--- Listed records ---

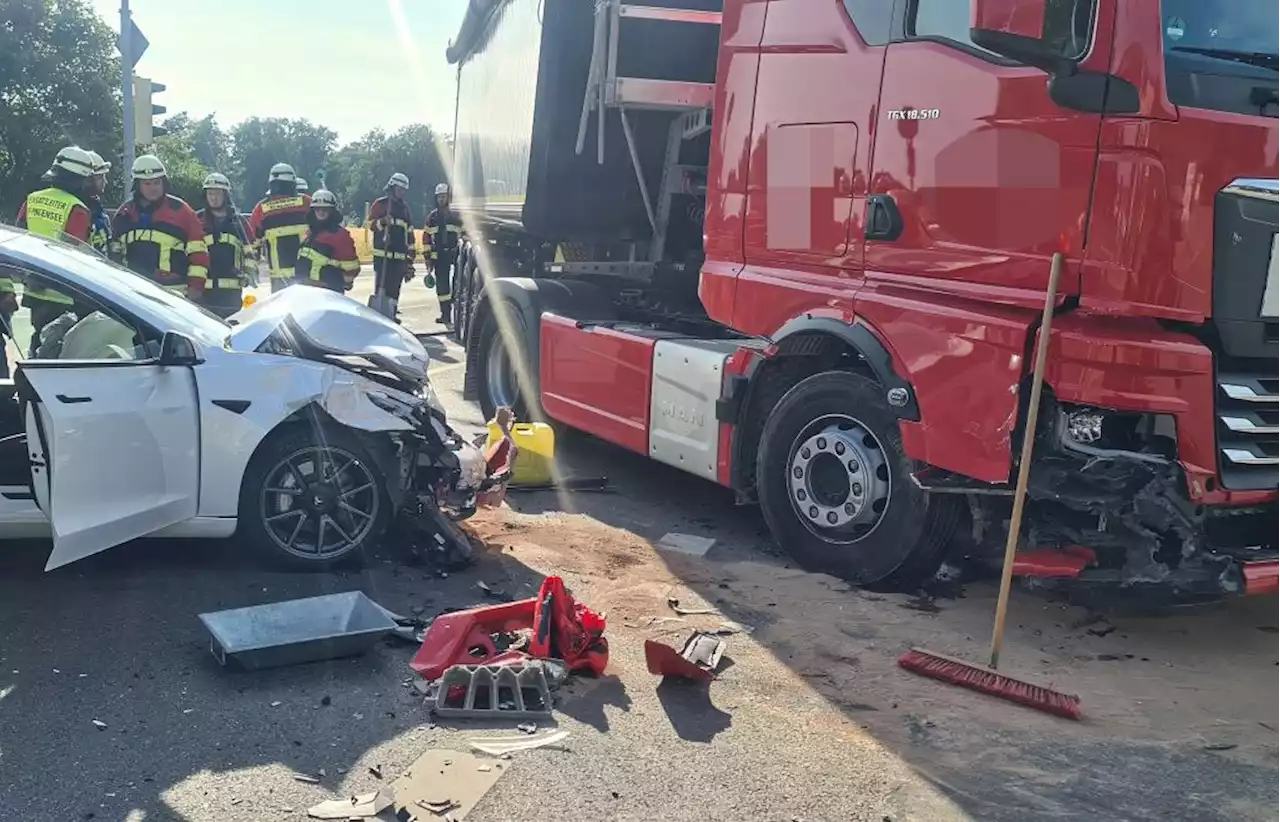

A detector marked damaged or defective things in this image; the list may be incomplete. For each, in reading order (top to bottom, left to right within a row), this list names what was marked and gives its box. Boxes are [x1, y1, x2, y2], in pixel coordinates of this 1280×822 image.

crashed white car [0, 224, 506, 568]
car's crumpled hood [226, 286, 430, 381]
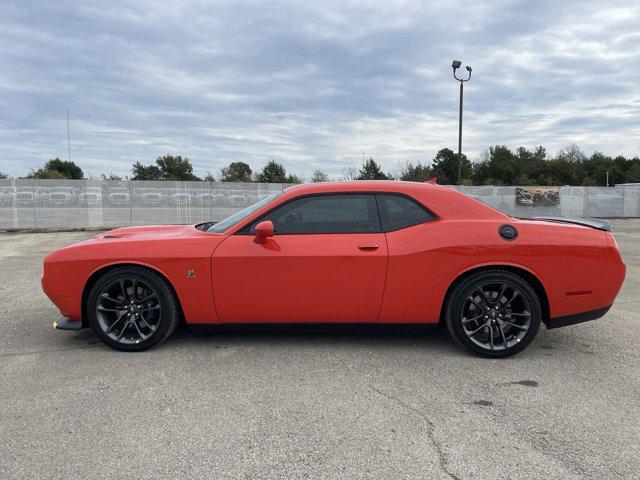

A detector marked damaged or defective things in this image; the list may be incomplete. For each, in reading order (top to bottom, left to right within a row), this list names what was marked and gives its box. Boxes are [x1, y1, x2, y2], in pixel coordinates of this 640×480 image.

crack in pavement [368, 382, 462, 480]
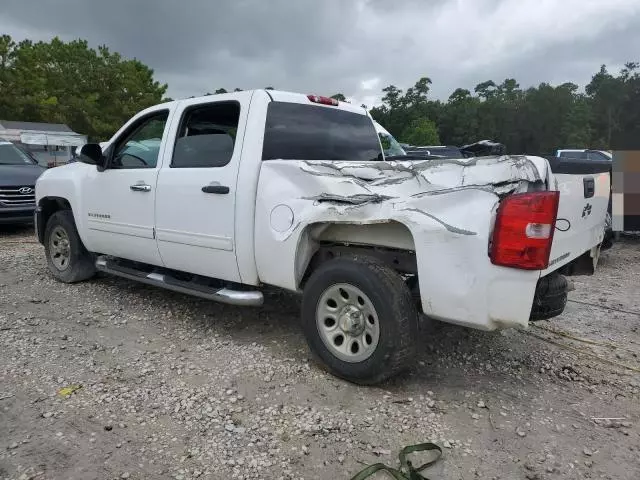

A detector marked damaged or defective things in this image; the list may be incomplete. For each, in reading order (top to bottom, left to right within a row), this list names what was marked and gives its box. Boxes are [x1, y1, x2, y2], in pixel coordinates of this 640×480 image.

exposed wheel well [38, 197, 72, 244]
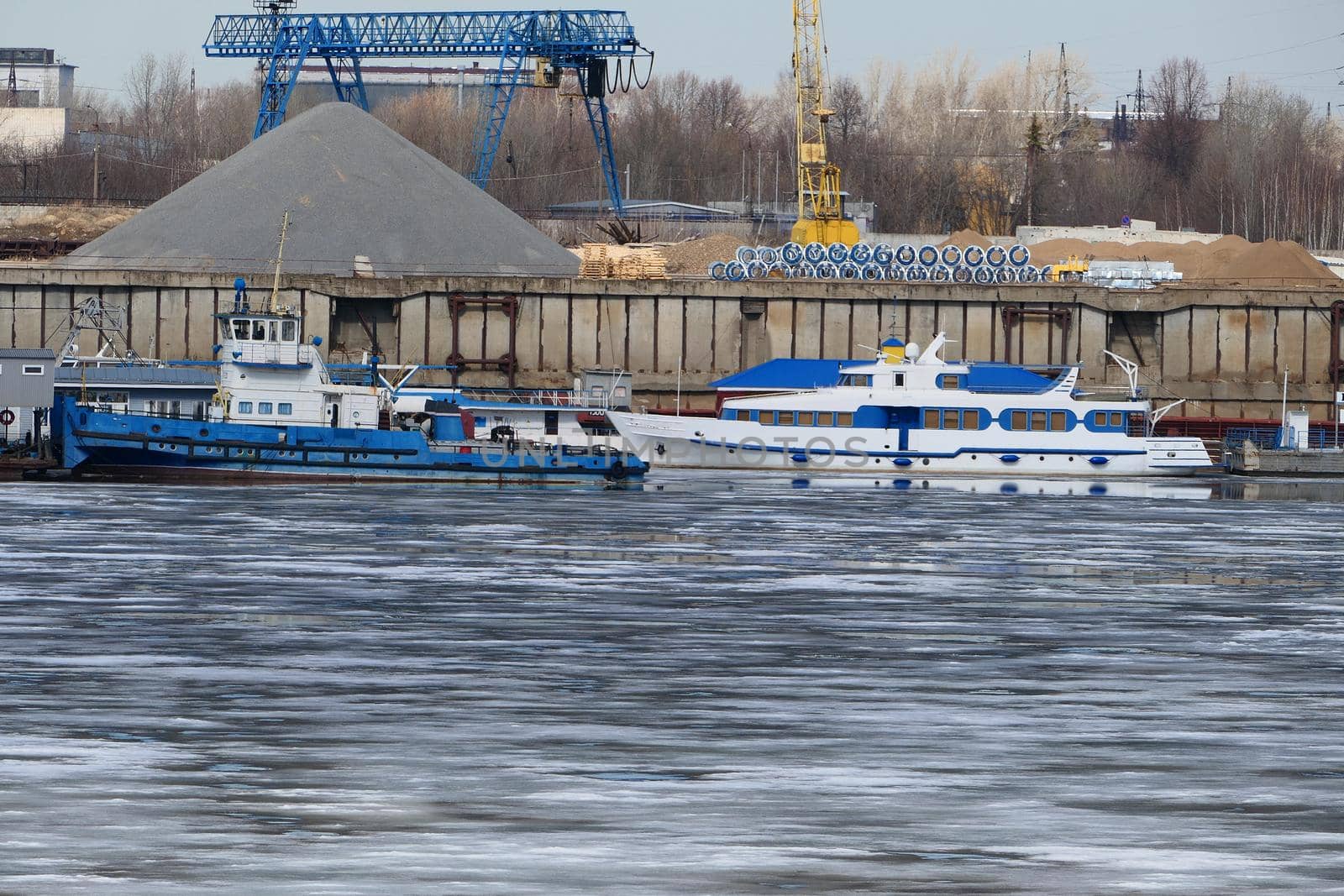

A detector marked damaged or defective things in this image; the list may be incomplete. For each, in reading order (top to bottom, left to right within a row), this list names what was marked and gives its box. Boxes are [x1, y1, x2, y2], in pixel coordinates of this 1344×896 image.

rusty metal beam on wall [446, 295, 518, 386]
rusty metal beam on wall [1005, 306, 1075, 365]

---

▶ _Required work_: Every line above must be printed again exactly, pictures excluded.

▶ _Exercise answer_:
A detector marked damaged or defective things in this image; the list may be incomplete. For each, in reading order (top to bottom, left to right within a row), this list names what was marked and gives its box. Boxes are [x1, y1, x2, y2], in pixel coordinates of this 1280×822 image.

crashed white car [0, 224, 506, 568]
car's crumpled hood [226, 286, 430, 381]

A detector marked damaged or defective things in this image; the list may be incomplete. For each, in reading order (top to bottom, left to right within a row), this list names what was marked and gives its box. Boxes are [x1, y1, x2, y2], in pixel coordinates of this 640×480 image.

crack in pavement [368, 382, 462, 480]

A detector marked damaged or defective things in this image; the list may be incomplete. For each, in reading order (top to bottom, left to right within a row), this list names what was marked and gives its box. Boxes are [x1, y1, x2, y2], in pixel coordinates of this 640×480 image.

exposed wheel well [38, 197, 72, 244]

A detector marked damaged or defective things in this image; the list may be incomplete. For each, in reading order (top to bottom, left to right within a row), this list names what was marked and gives its box. Boxes are [x1, y1, x2, y2], in pixel coordinates of this 1344×896 image.

rusty metal beam on wall [446, 295, 518, 386]
rusty metal beam on wall [1005, 306, 1075, 365]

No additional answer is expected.